- What is expected -
Reproduce exactly the lines from the one containing "Bengal Tiger In The River paint by numbers" through the end of the entries, including both. Drop the pictures.

:::::

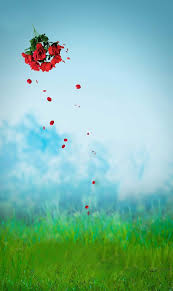 800 Cb Background Full Hd Blurred Background Photography Love Background Images Best Background Images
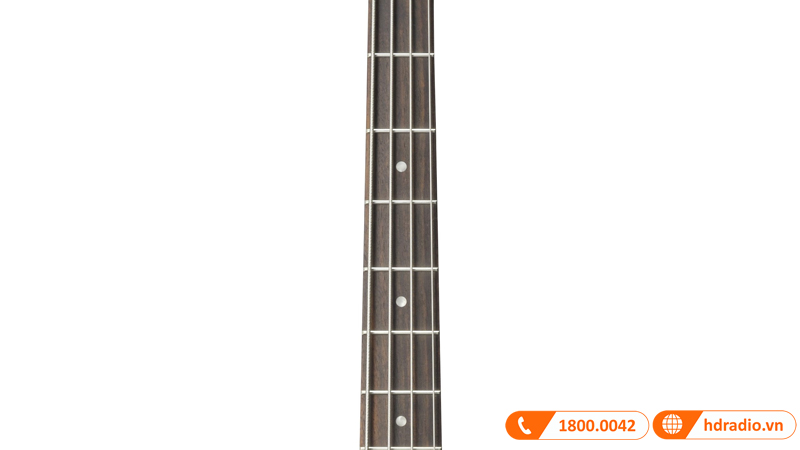 Đàn Guitar Yamaha TRBX204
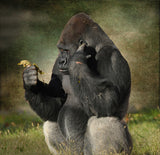 The Thinker Poster och Canvastavla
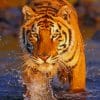 Bengal Tiger In The River paint by numbers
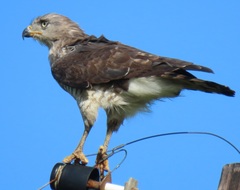 Circaetus fasciolatus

:::::

- Result below -
 Bengal Tiger In The River paint by numbers
 Circaetus fasciolatus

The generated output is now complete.